BEGIN EXERCISE DATA

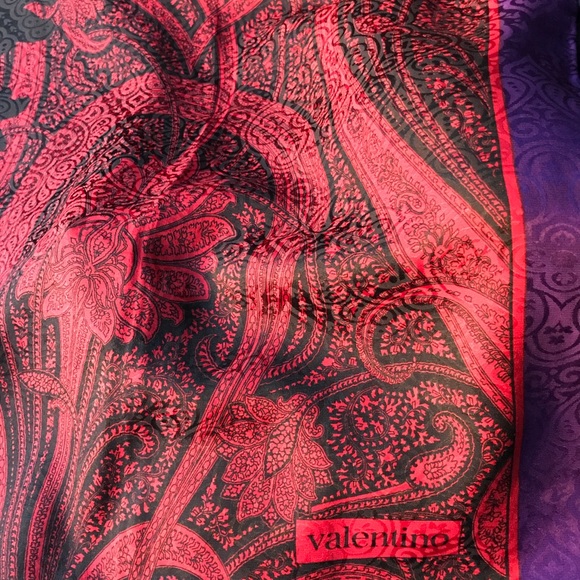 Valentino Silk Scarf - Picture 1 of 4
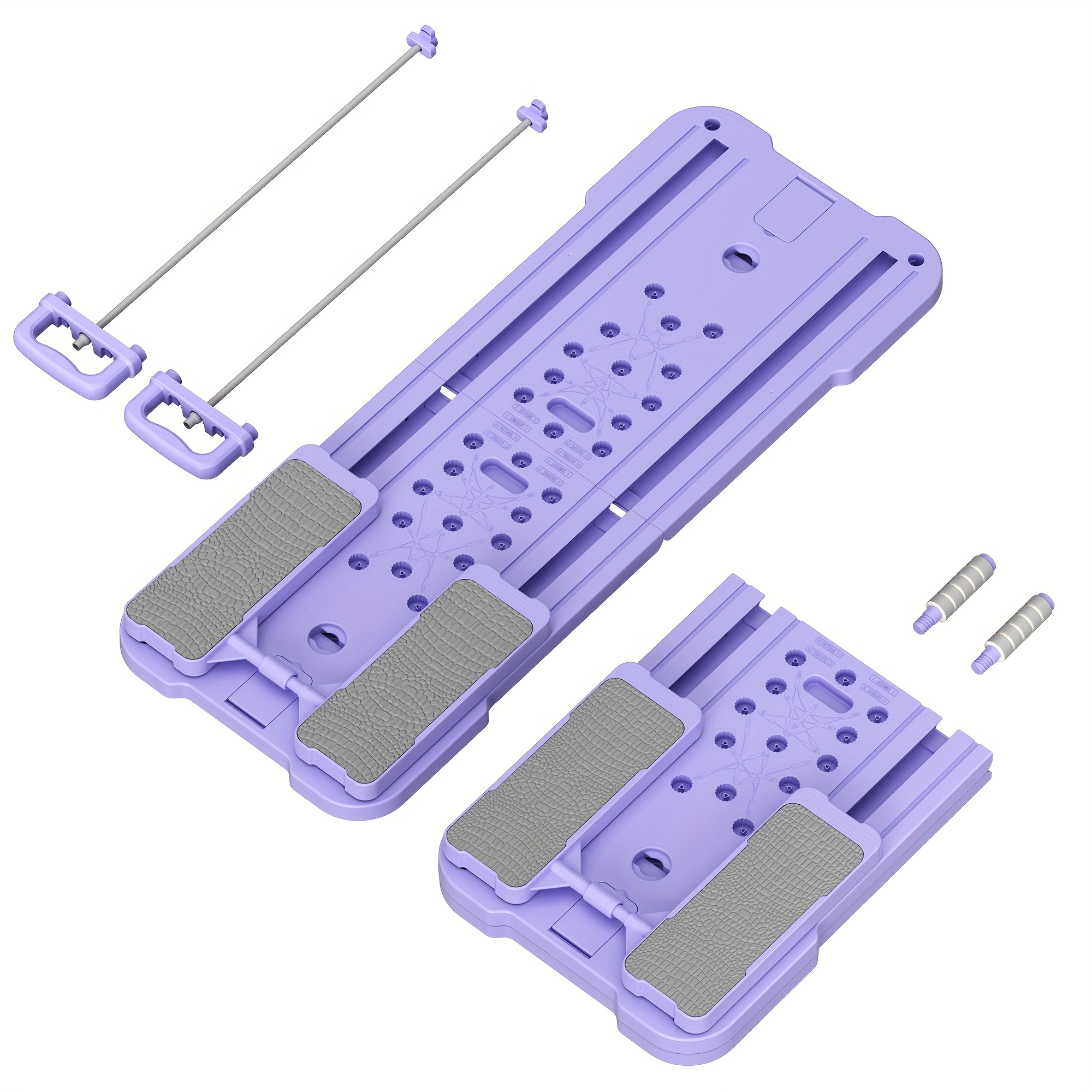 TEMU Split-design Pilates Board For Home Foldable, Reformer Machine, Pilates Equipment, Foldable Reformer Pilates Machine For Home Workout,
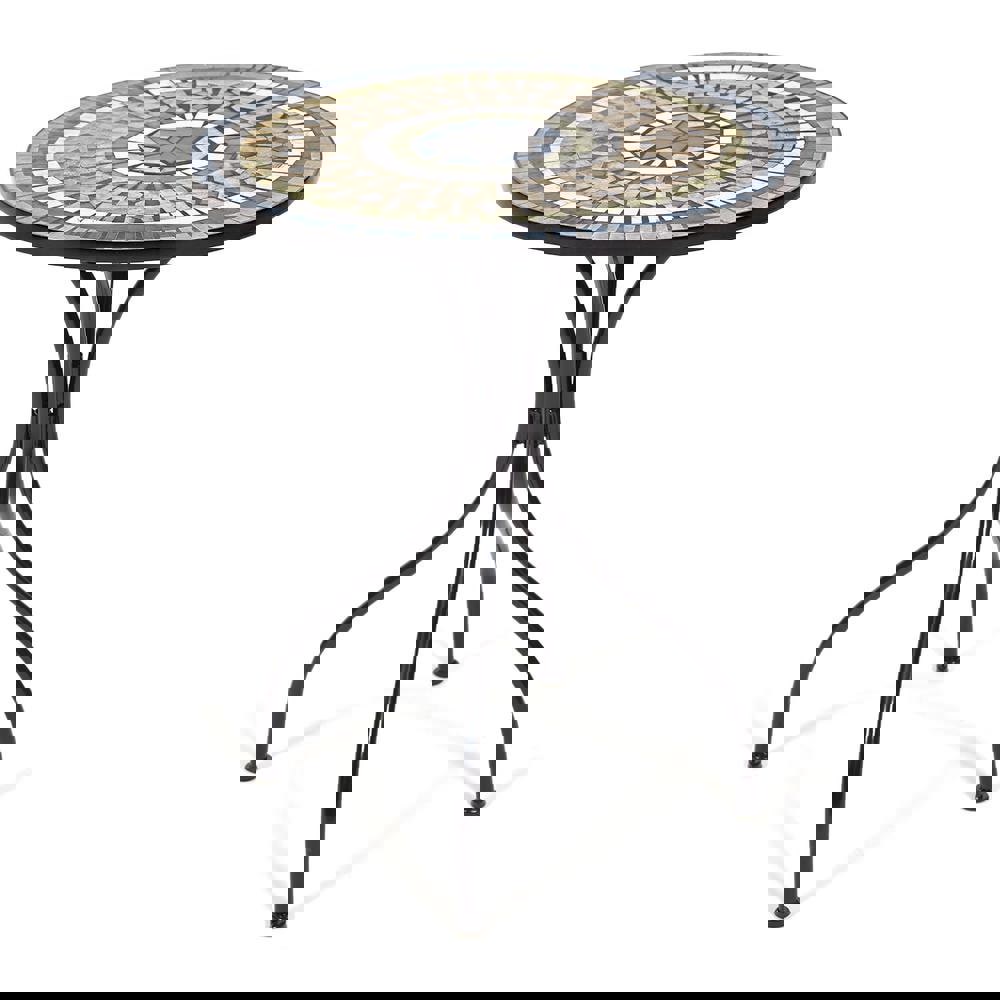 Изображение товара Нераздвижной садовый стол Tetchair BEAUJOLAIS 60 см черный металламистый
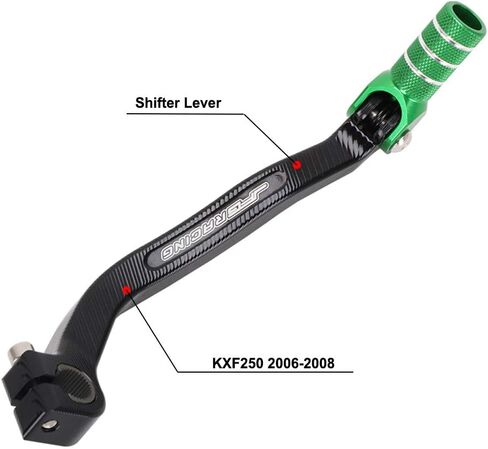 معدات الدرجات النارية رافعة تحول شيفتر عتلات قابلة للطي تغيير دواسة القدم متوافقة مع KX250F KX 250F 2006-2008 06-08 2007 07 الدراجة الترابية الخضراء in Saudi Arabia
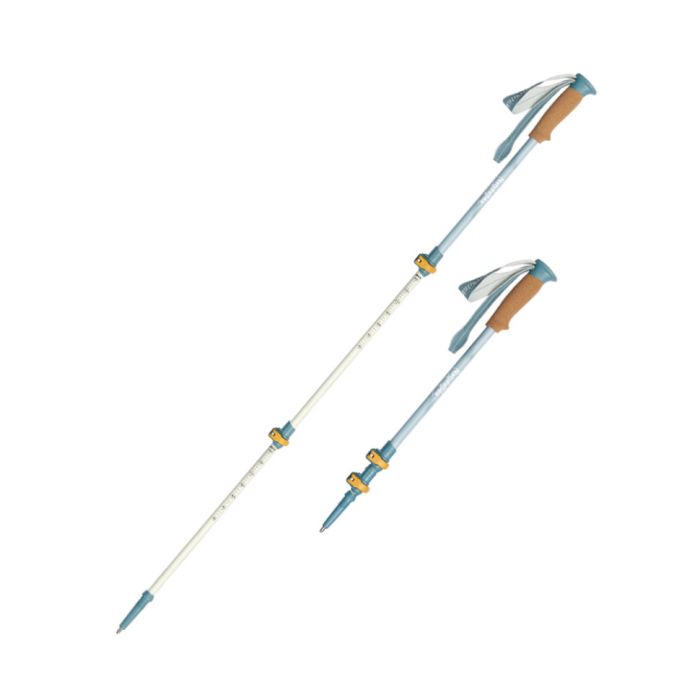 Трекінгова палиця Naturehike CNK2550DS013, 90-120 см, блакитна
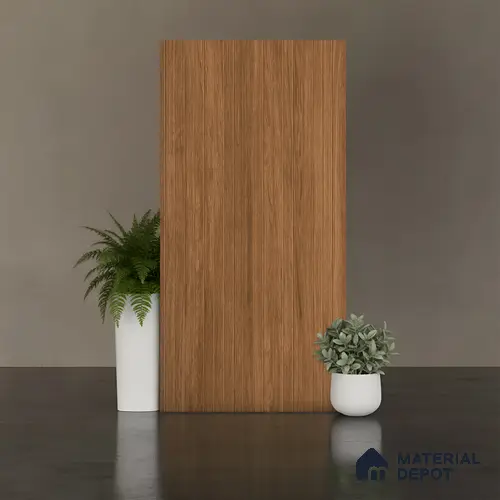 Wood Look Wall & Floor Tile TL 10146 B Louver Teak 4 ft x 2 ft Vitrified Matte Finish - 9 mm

END EXERCISE DATA
BEGIN EXERCISE DATA

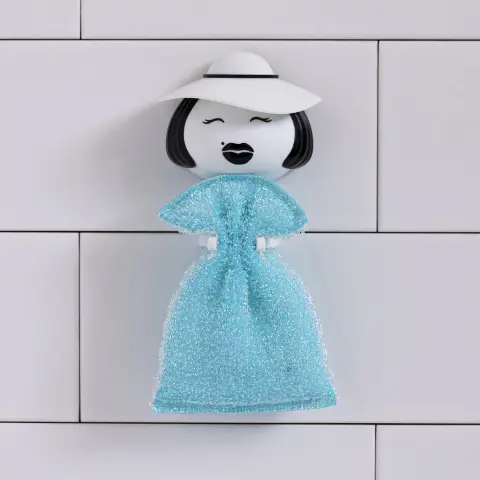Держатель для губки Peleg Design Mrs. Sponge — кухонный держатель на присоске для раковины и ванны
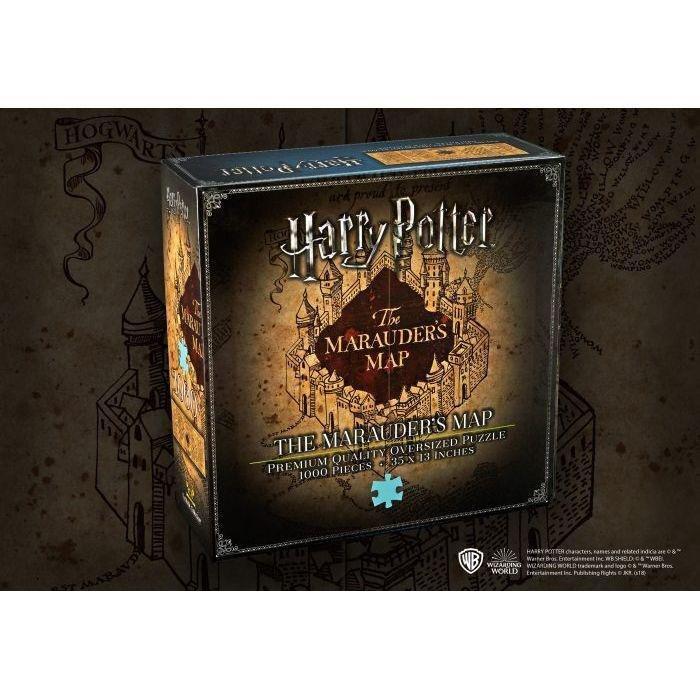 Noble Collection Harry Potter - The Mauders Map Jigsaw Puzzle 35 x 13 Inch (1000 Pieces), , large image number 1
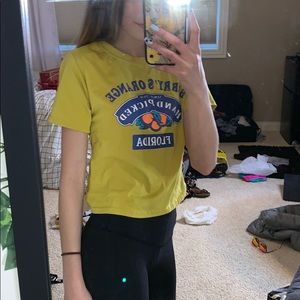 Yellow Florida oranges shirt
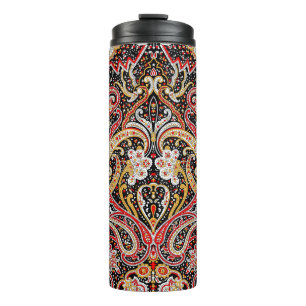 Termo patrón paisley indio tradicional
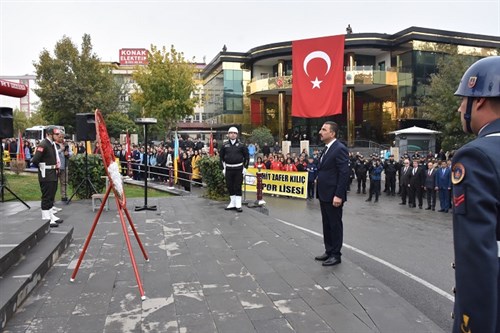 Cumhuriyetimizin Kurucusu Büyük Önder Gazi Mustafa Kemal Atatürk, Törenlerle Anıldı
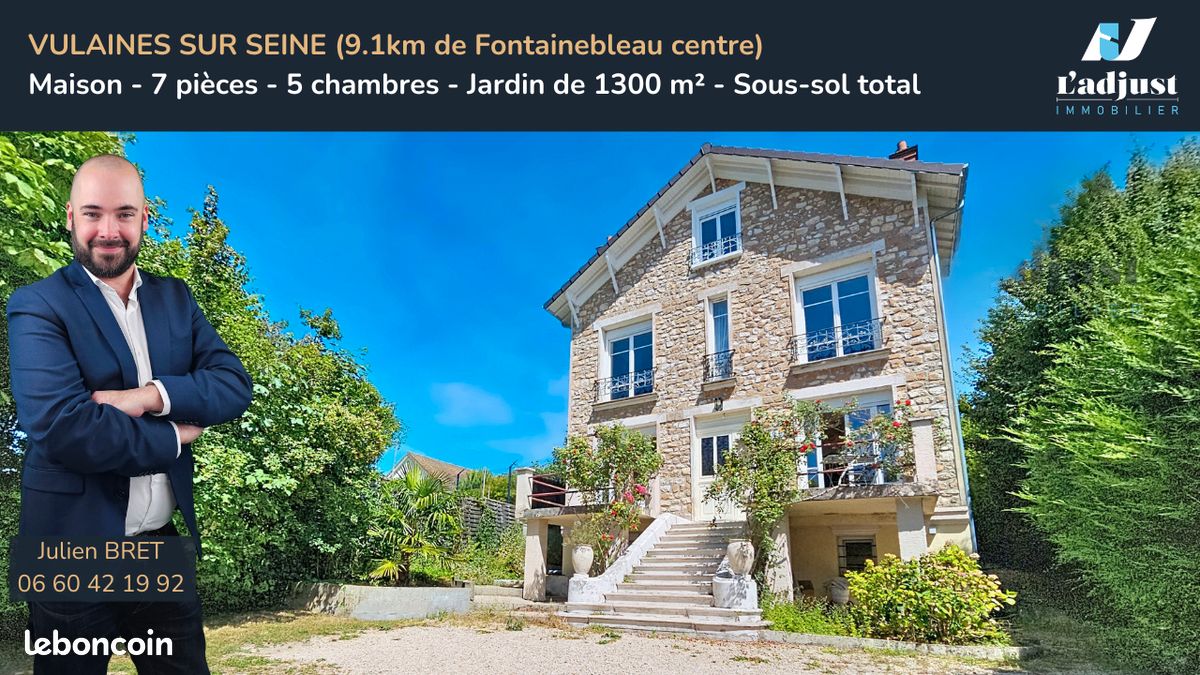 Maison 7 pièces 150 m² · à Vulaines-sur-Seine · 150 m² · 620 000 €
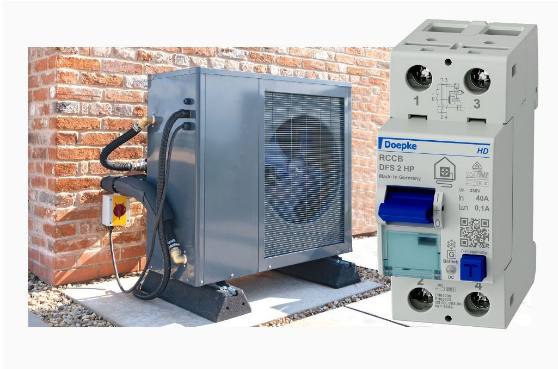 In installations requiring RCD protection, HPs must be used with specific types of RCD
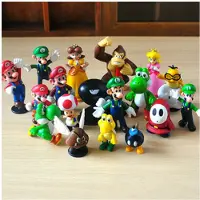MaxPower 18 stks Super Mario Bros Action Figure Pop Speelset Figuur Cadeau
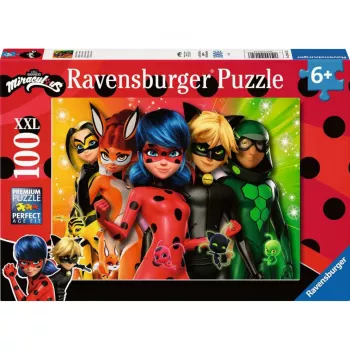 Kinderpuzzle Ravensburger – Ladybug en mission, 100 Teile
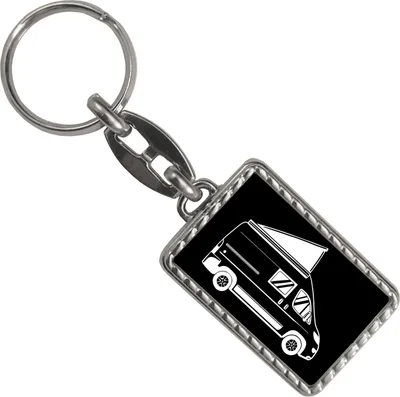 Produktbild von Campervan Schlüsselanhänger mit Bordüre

END EXERCISE DATA
BEGIN EXERCISE DATA

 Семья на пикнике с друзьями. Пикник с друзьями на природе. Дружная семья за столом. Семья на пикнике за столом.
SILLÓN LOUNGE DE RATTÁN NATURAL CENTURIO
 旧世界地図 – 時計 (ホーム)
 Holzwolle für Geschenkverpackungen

END EXERCISE DATA

| EXERCISE DETAILS |
Using the data above, return the lines from the one holding "Kinderpuzzle Ravensburger –" through the one holding "Produktbild von Campervan" exactly, but not the pictures.

| OUTPUT OF THE TASK |
 Kinderpuzzle Ravensburger – Ladybug en mission, 100 Teile
 Produktbild von Campervan Schlüsselanhänger mit Bordüre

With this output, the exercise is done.